Following the signs leading to the underground, Martin quickly spotted the two men who were following him, one about fifteen paces behind, the other ten paces behind the first. What gave them away was their habit of concentrating on the windows of the boutiques every time he turned in their direction. As Martin reached the escalator down to the train level, the first man peeled away, the second closed the gap and a third hove into view behind him. The resources they were devoting to keep track of Lincoln Dittmann made Martin feel important; it had been a long time since anyone thought he was interesting enough to lay on a staggered tail. As always in situations like this, Martin was more preoccupied with the agents he didn’t see than the ones he was meant to spot. He took the Piccadilly line to Piccadilly Circus and the escalator to the street, then leaned against the side of a kiosk to give his game leg a rest. After awhile he strolled toward Tottenham Court Road, stopping at a chemist shop to buy toothpaste and shaving cream, eventually at a pub with a neon sign sizzling over the door that brought back memories of the Beirut waterfront and Dante’s Alawite prostitute named Djamillah. He settled onto a stool at the dimly-lit end of the bar and sipped at his half pint of lager until half of it was down the hatch. Opening his valise, he slipped the packet of false identity papers into the white
silk bandanna, then mopped his brow with it and stuffed it into the pocket of his suit jacket. Hefting his small valise onto the bar, folding his Burberry across it, he asked the bartender to keep an eye on his things while he used the loo in the back. Martin didn’t even bother checking the tails, two outside in the street, one at a corner table in the front of the pub; they were all young, and young meant green, so they would fall for the oldest trick on the books: They would keep their eyes glued to the half consumed glass of lager and the valise with the raincoat on it, and wait for him to return. Depending on their relationship with the Supervisor, Perishables, they might or might not report that Martin had gone missing when he failed to come back.

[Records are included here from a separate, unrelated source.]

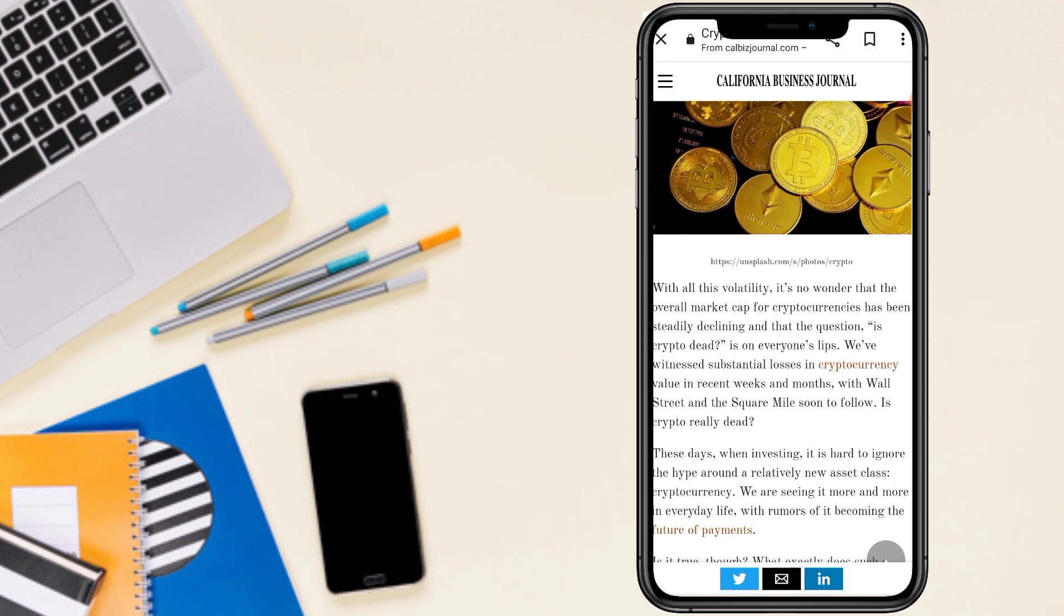It's no wonder that the overall market cap of cryptocurrency has been steadily declining and that the question is crypto dead is then on everyone's lips.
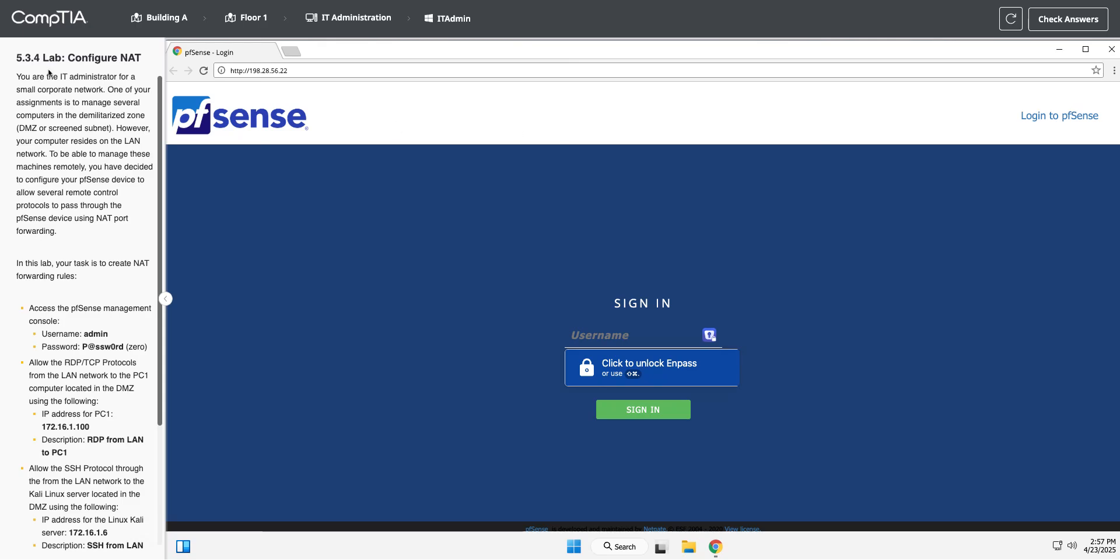Okay, so we are now doing 5.3.4, which is a configure NAT lab. So we're going to configure NAT in a pfSense router, which if you aren't familiar with pfSense, it's an open source router. You can download the software for free.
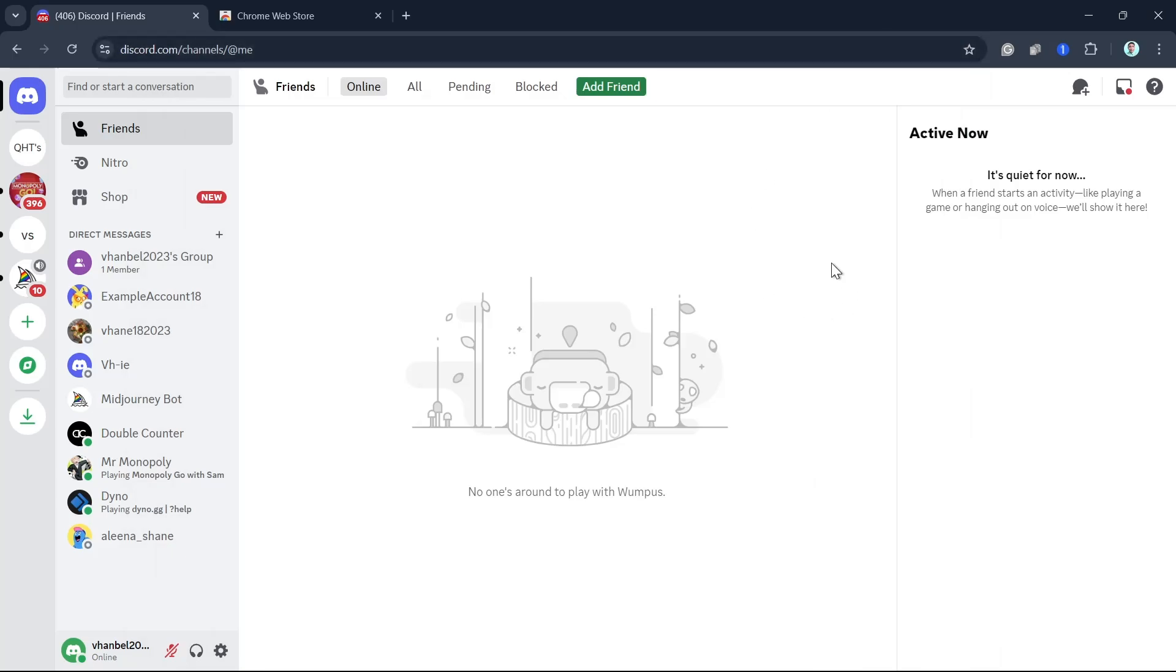Hey everyone, welcome back to another quick how-to. In this video, we're going to show you how you can get free Discord Nitro in just a minute.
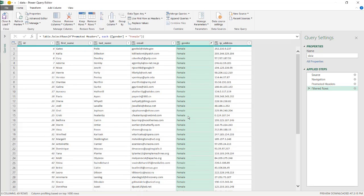So that's the way that we can import a file, bring in an Excel file from SharePoint with Power Query. So I hope that helps. Thanks for watching.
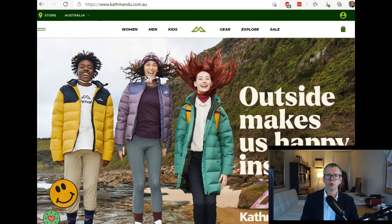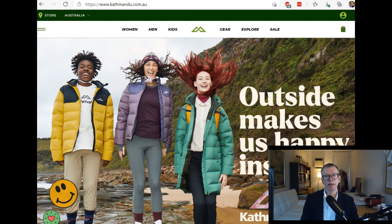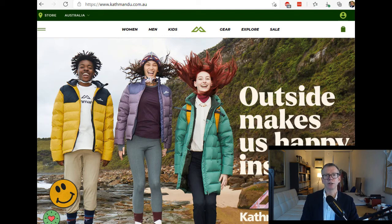Finally, we will be looking at one company in detail throughout the term as we progress through our analytical steps. This term we're using Katmandu, an outdoor clothing and equipment retailer. They've recently bought into Oboz, a US-based footwear company, and in 2019 bought the surfwear company Ripcurl. It's obviously an interesting time for retailers, so we'll be thinking carefully about industry conditions and the implications that they have on Katmandu's accounting and particularly our forecast for Katmandu's future performance.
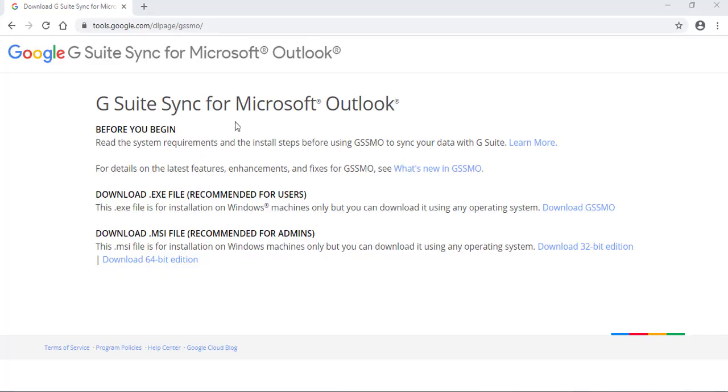Hello everyone. I'm going to show you how to sync your G Suite Google email account with Microsoft Outlook. I have Microsoft Outlook 2019 installed, but you can use Outlook 2016-2010.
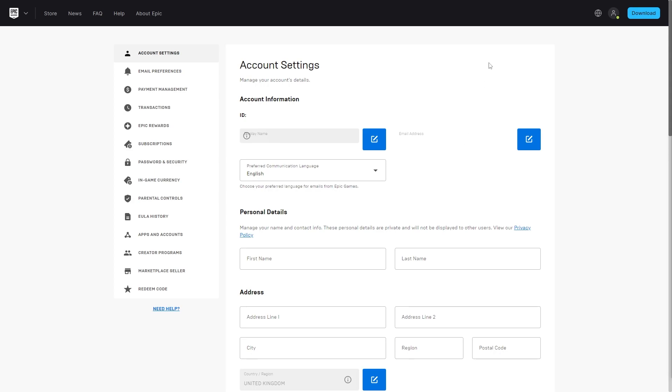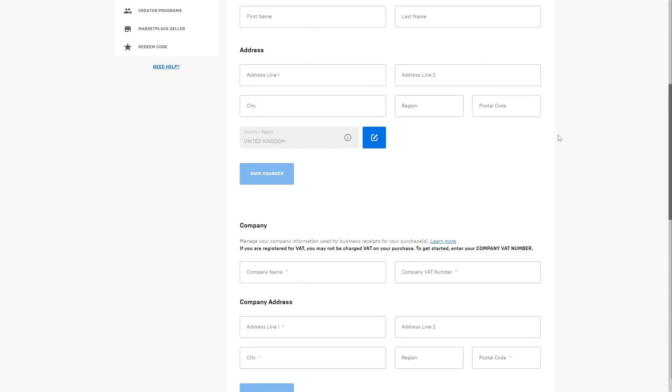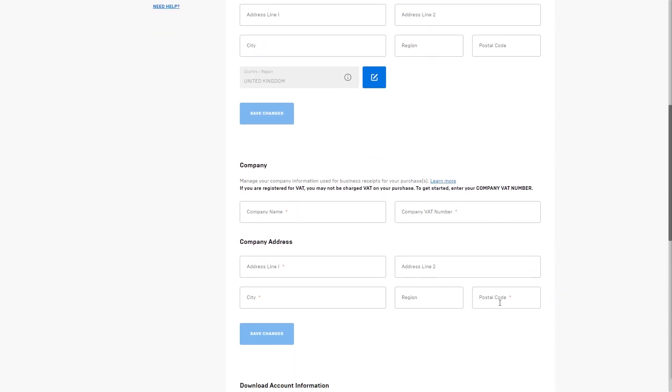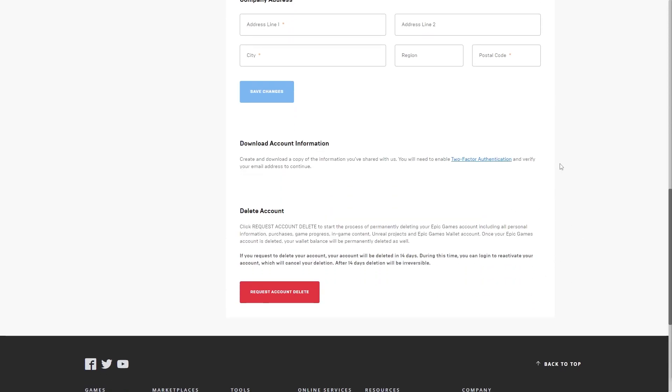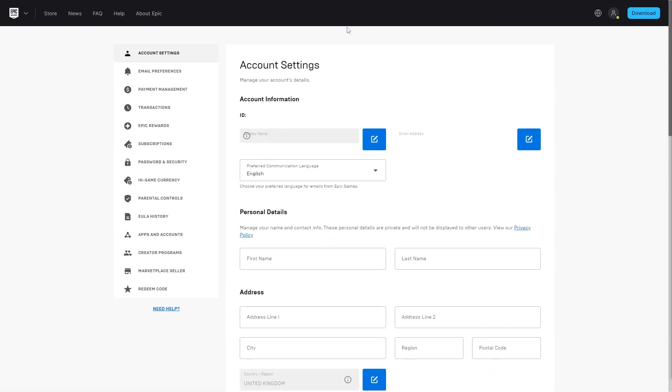Now I'm on the Epic Games website here and I'm in my account settings page. If we look through this page, we will see that there isn't actually an option to get our profile picture from here.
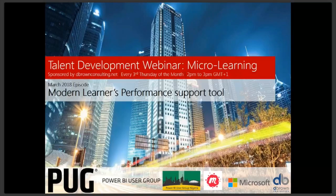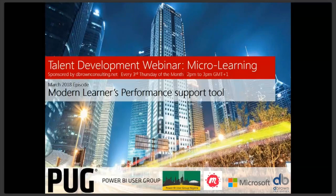Okay, let's start off. I'm David, I'll be taking you for this webinar. Welcome to the D Brown Consulting Talent Development Webinar. Our topic for today — for the month — is micro learning. Micro learning is a modern learner's performance support tool, and that's what we're going to be talking about. Please feel free to type into the chat so we can interact. I like this to be as interactive as possible.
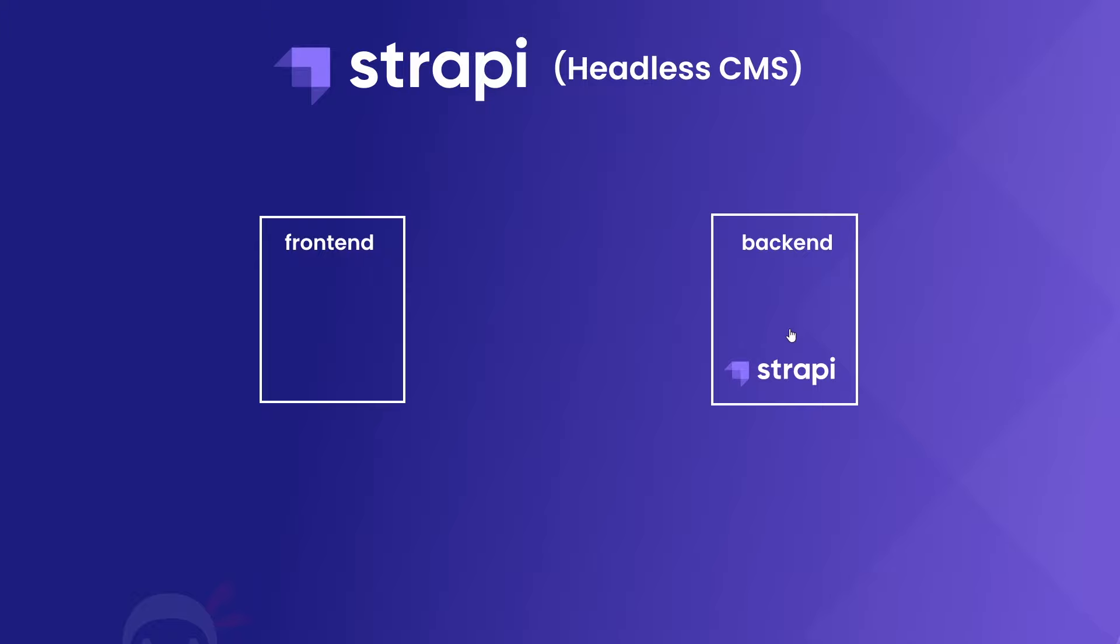But it's entirely up to us as developers how to consume that content and what type of front-end that's going to display it.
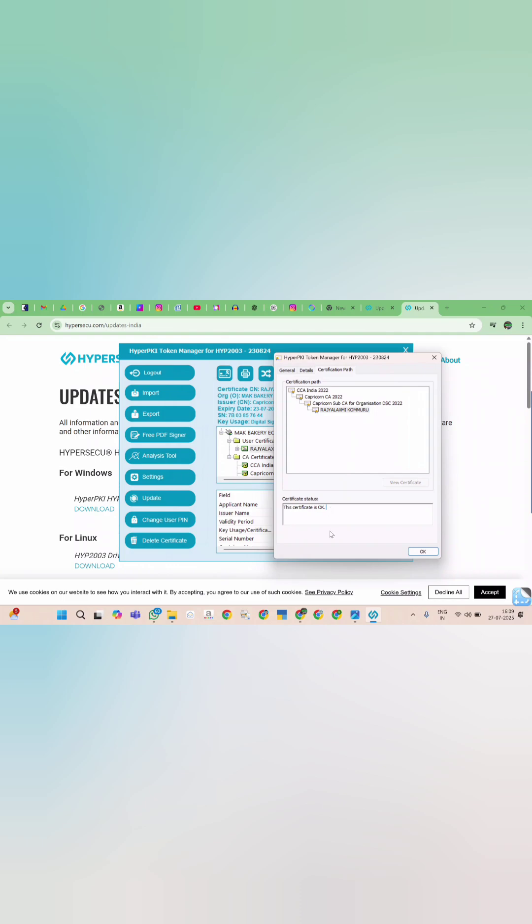This process is pretty same for most token drivers. Just make sure to download the correct token driver for specific token model. Thank you.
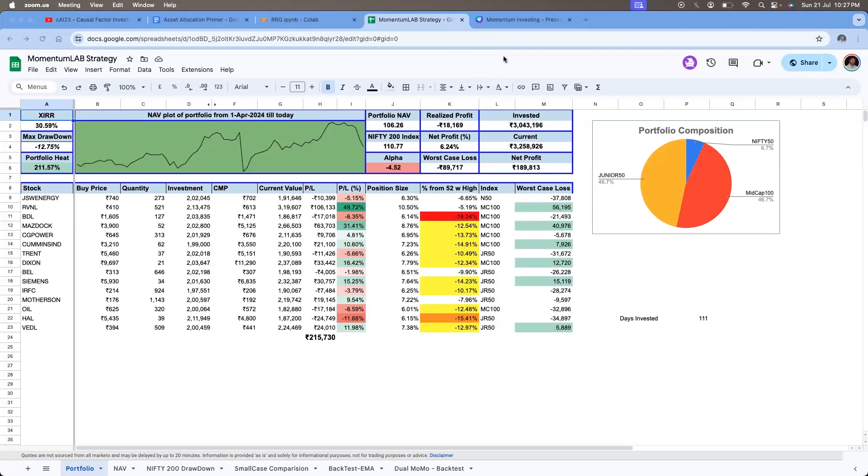Hello everyone, I am Sheikhar from Momentum Lab. Today is the 111th day of my momentum investment journey. In this weekly review, I will cover two things. One, we will take a look at the portfolio. And secondly, we will see how the markets are performing.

Martin remembered this particular men’s lavatory from a stint in London a lifetime ago. He’d been on his way to the Soviet Union and stopped off for a briefing from MI6’s East European desk. What cover had he been using then? It must have been the original Martin Odum legend because Dittmann and Pippen came later, or so it seemed to him. In a remote corner of a lobe of his brain he had filed away one of those tradecraft details that field hands collected as if they were rare stamps: This particular lavatory had a fire door that was locked, but could be opened in an emergency by breaking a glass and removing the key hanging on a hook behind it. To Martin’s way of thinking, this clearly qualified as an emergency. He found the glass and retrieved the key and opened the fire door. Moments later he found himself in a narrow passage that gave onto a side street and, as luck would have it, a taxi stand.
“Paddington,” he told the driver.
He changed taxis twice more and only gave his real destination to the final driver. “Golders Green,” he said, settling into the backseat and enjoying his fleeting triumph over the warm bodies from five.
“Any particular place on Golders Green?” the driver asked over the intercom.
“You can let me off near the clock at the top. I’ll walk from there.”